Antimony
What Is Antimony?
Antimony is a metalloid element with atomic number 51 and the chemical symbol Sb, positioned in Group 15 of the periodic table alongside nitrogen, phosphorus, arsenic, and bismuth. It exhibits properties intermediate between metals and nonmetals: it conducts electricity poorly at room temperature, forms brittle crystalline structures, and can behave as either a metal or a nonmetal depending on its chemical environment and bonding configuration. Antimony has been known to human civilization for thousands of years in the form of its sulfide ore stibnite, but its modern engineering relevance derives from its role as a semiconductor dopant, a component in compound semiconductors and phase-change materials, and a flame-retardant additive in plastics and electronics packaging.

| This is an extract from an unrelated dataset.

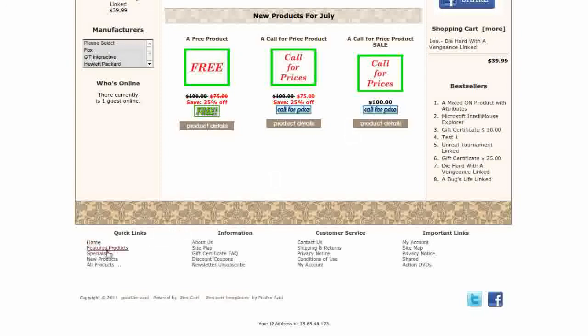Down at the bottom, we have a footer menu. This makes it very easy for customers to navigate your store and find information. Also in the footer are links to your Twitter and Facebook pages.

In electronics, antimony is primarily encountered as an n-type dopant in silicon and germanium, and as a constituent of binary and ternary compound semiconductors. Its position in Group 15 gives it five valence electrons, which allows it to donate an electron when substituted into a Group 14 semiconductor crystal lattice, thereby increasing the electron carrier concentration.
Semiconductor Doping and Compound Semiconductors
Antimony is used as a shallow n-type dopant in silicon, particularly for devices requiring a dopant that diffuses slowly at high temperatures, such as deep-trench capacitors and certain power device structures. Its lower diffusion coefficient compared to arsenic makes it preferable when tight dopant profile control is needed at elevated process temperatures. In compound semiconductor systems, antimony forms binary compounds with important optoelectronic properties: indium antimonide (InSb) has one of the highest electron mobilities among known semiconductors, approximately 77,000 cm2/V·s at room temperature, and a direct bandgap in the mid-infrared range that makes it well-suited for infrared photodetectors and thermal imaging arrays. Gallium antimonide (GaSb) and aluminum antimonide (AlSb) serve as substrate and barrier materials in heterojunction devices for near-infrared and mid-infrared laser diodes and photodetectors. These properties are surveyed in materials literature such as EurekAlert coverage of 2D antimony for post-silicon electronics, which describes the charge mobility advantages of antimonene, the two-dimensional allotrope of antimony.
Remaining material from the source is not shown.